In the records below, find the line with "Hello and welcome", then retype it and every following line exactly, stopping after the line with "The second row". Leave the pictures out.

Collected data entries
• • • •

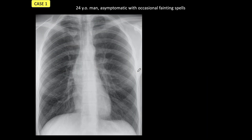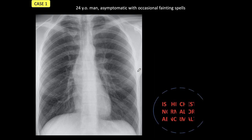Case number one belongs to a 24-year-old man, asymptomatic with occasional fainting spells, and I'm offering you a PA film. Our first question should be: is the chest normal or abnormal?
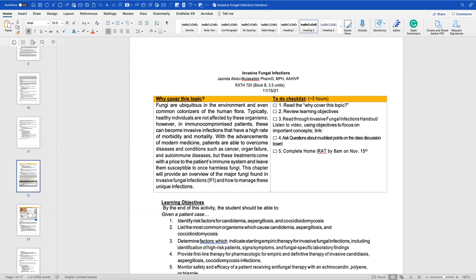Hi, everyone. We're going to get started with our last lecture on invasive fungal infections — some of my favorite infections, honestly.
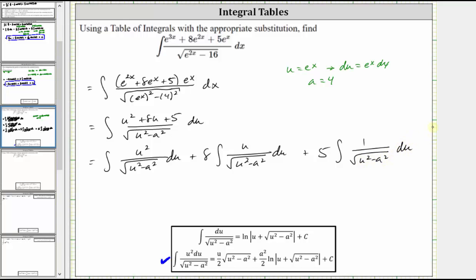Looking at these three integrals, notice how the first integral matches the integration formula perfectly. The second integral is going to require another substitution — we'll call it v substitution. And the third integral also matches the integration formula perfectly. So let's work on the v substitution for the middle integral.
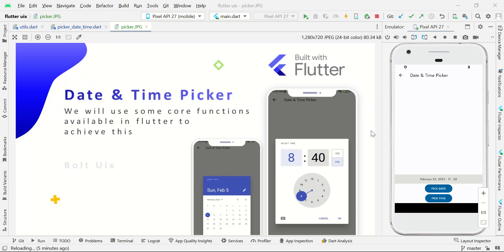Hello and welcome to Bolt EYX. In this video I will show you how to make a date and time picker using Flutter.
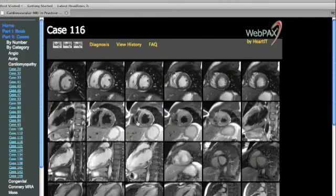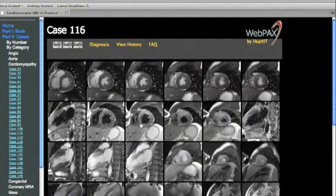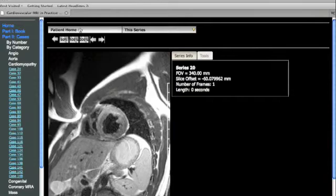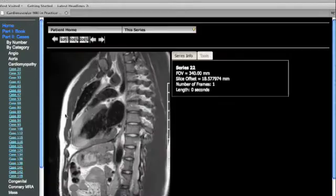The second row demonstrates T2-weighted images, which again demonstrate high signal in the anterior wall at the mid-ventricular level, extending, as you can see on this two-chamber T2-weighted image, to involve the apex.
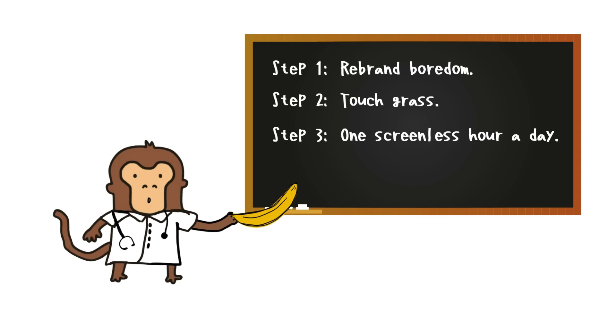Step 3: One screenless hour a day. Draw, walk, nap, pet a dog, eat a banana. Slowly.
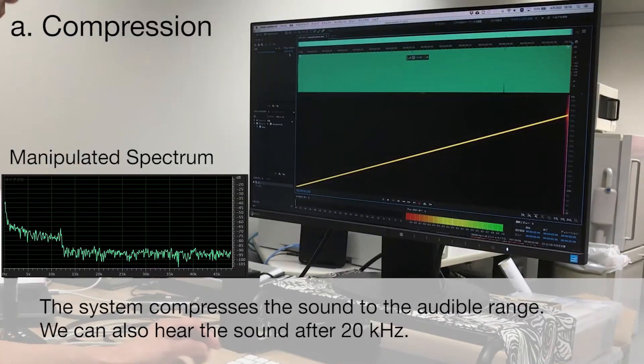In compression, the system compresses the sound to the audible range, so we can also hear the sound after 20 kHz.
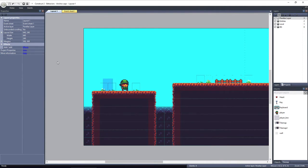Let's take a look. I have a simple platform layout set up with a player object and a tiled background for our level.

• • • •

> _ANSWER AREA_:
Hello and welcome to Bolt EYX. In this video I will show you how to make a date and time picker using Flutter.
The second row demonstrates T2-weighted images, which again demonstrate high signal in the anterior wall at the mid-ventricular level, extending, as you can see on this two-chamber T2-weighted image, to involve the apex.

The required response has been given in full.